> _DIRECTIONS_
Beginning with the first line, please return the entries exactly through the line that contains "50Pcs Red Candy", and leave out all later lines.

=====

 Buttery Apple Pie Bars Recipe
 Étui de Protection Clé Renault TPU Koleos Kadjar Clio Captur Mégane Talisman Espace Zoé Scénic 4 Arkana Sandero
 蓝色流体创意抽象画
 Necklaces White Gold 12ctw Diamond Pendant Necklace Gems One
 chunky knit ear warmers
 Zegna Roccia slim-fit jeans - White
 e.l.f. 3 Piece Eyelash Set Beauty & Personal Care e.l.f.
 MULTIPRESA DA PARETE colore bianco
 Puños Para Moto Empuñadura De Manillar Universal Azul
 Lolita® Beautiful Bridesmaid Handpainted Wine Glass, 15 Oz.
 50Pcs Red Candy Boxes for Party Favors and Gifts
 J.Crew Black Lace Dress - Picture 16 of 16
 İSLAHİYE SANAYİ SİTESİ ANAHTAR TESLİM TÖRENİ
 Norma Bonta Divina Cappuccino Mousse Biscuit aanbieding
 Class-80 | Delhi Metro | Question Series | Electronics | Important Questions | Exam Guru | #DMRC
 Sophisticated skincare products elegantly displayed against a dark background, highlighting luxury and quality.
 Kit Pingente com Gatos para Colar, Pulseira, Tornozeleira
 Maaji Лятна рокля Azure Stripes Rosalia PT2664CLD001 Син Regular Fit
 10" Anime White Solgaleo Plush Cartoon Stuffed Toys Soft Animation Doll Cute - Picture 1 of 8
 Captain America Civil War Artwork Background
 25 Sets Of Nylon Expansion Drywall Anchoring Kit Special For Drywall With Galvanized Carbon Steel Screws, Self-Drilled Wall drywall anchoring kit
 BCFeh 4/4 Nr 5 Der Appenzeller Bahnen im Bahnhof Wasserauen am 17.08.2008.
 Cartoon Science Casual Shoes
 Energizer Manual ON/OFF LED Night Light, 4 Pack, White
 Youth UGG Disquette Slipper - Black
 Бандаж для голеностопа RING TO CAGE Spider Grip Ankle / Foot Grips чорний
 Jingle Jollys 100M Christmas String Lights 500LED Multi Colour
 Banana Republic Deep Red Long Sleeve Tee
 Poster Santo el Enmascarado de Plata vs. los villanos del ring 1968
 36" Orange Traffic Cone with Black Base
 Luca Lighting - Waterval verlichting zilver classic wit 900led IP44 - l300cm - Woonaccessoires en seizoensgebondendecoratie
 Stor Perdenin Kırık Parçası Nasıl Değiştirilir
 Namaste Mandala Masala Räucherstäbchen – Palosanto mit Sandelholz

=====

> _REPLY TO THE TASK_
 Buttery Apple Pie Bars Recipe
 Étui de Protection Clé Renault TPU Koleos Kadjar Clio Captur Mégane Talisman Espace Zoé Scénic 4 Arkana Sandero
 蓝色流体创意抽象画
 Necklaces White Gold 12ctw Diamond Pendant Necklace Gems One
 chunky knit ear warmers
 Zegna Roccia slim-fit jeans - White
 e.l.f. 3 Piece Eyelash Set Beauty & Personal Care e.l.f.
 MULTIPRESA DA PARETE colore bianco
 Puños Para Moto Empuñadura De Manillar Universal Azul
 Lolita® Beautiful Bridesmaid Handpainted Wine Glass, 15 Oz.
 50Pcs Red Candy Boxes for Party Favors and Gifts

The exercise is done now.